For Stephanie Noirard, studying for a Masters degree in English cultural studies from Lyon University meant the opportunity to follow her passion: the works of Scottish writers such as Robert Louis Stevenson, Sir Walter Scott and Hugh MacDiarmid.

Now she is the French assistant at Grange Academy in Kilmarnock, East Ayrshire, and she is very much enjoying living and working in her favourite writers’ home country.

In school Stephanie is kept busy supporting teaching colleagues and discovering interesting ways of presenting her language. Like all language assistants, she works for 12 hours a week, teaching a total of 15 periods to a range of classes. Out of school, she likes nothing better than attending her weekly karate class, has a lively social life and enjoys exploring her new neighbourhood.

Unlike most of her counterparts, however, Stephanie is blind.

Her original idea was to apply for an assistantship in Orkney. “But it seemed a bit mad once I thought about the complications of transport,” she says.

Once appointed to Grange Academy, Stephanie made a preliminary visit with her mother to get to know Kilmarnock and the school. She felt it was important that her mother was happy with the arrangements and just as important to introduce herself to the staff. “I got the most wonderful welcome from everyone,” she says.

She enjoys working with the pupils, either team teaching a full class or leading small groups. She prefers to stand in front of a class, seeing this as commanding more respect than sitting, and is not phased by the possibility of bad behaviour.

“If someone is trying to cheat and look up their notes when I have told them to shut their jotter, I can hear them,” she says calmly, “and I just tell them not to.”

Stephanie is anxious to make lessons fun and has created a stock of materials using her own Braille laptop computer. She has topped up existing course-based materials with new worksheets of her own and is proud to have found new ways to produce good word searches.

“I managed to add footballers names to one, which was really popular with the pupils,” she says.

Principal teacher Iain Wilson is full of praise. “Stephanie is a first class assistant. She has a great rapport with the pupils and the staff,” he says.

Mr Wilson and other colleagues are on hand to guide Stephanie through the bustling school corridors, but Grange Academy has a visual impairment unit so there are already markers around classroom doors and along the walls of some key areas.

Headteacher Fred Wildridge has some visual impairment himself and so he understands the limitations it brings. He is an enthusiastic supporter of languages and is delighted to have Stephanie, as well as a Spanish and a German assistant in the school. He sees the three assistants as equally beneficial to pupils’ language learning and believes the school is fortunate to have such broad provision of native speaker support.

Stephanie and her German and Spanish counterparts lodge with a family. She feels she has the best of both worlds this way: experiencing the Scottish way of life plus the support and friendship of the other young teaching assistants.

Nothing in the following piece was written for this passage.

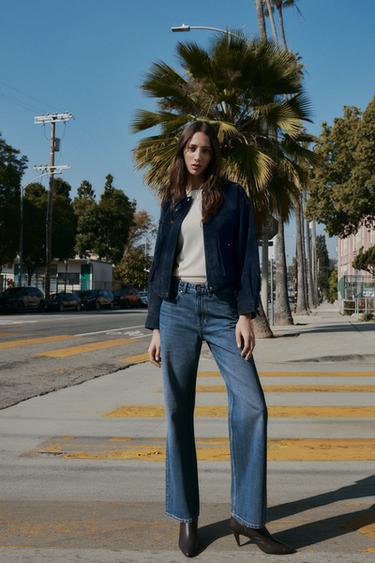 Zara {名称} - {颜色}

The family has made their computer compatible with Stephanie’s Braille laptop, making lesson preparation easier, and the other assistants lend a hand when she wants to add any fancy graphics to her worksheets.

Stephanie regularly walks to Grange Academy. This has only proved problematic on a few occasions when groups of children have gathered at strategic points along her route. “I need to keep to my bearings and it can be difficult if anyone is in the way,” she says. “I just steer around them though, because I can hardly bash them out of the way.”

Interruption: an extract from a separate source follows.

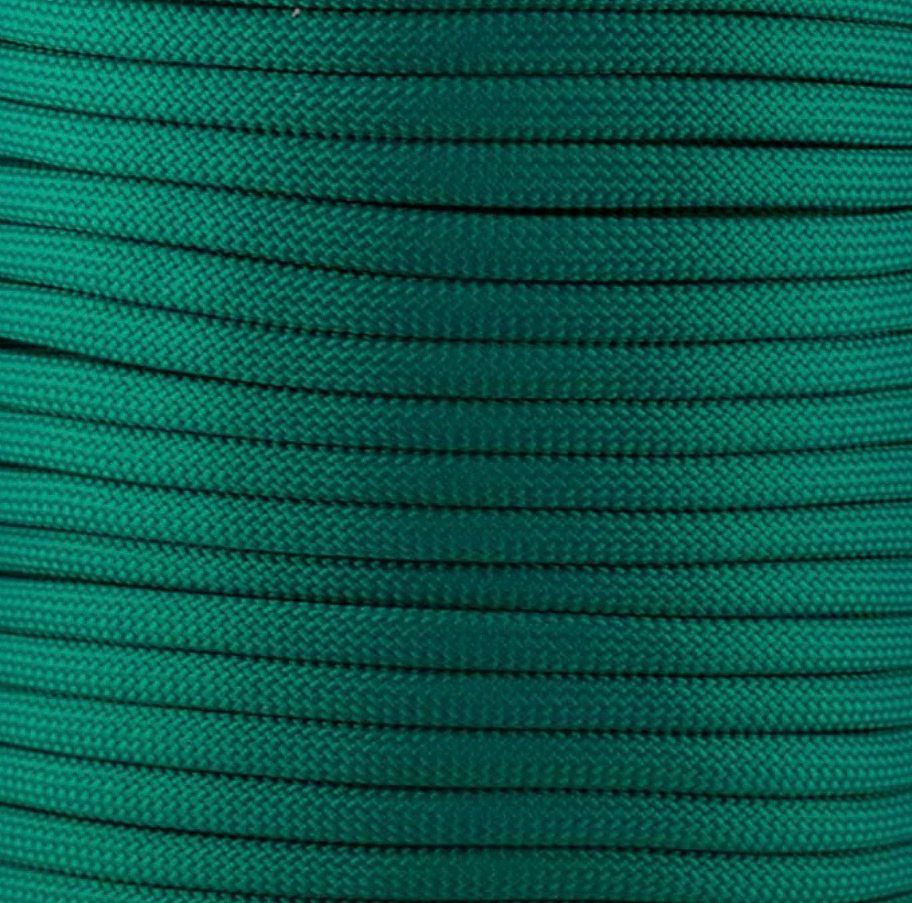 Halsband seaweed green 10mm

Stephanie has a high regard for the Royal National Insitute for the Blind.

She says guide dogs trained here are regarded as top rate and she wouldn’t discount the idea of getting a Scottish dog in the future.

Her ambitions continue to be shaped by her spell in Burns country. She hopes to do a PhD in Scottish literature and has her sights set on the Sorbonne or Grenoble, or possibly a Scottish university.

Ultimately she would like to teach at a university. However, were she to teach in schools, shesays she would rather be a French teacher in Scotland than an English teacher in France.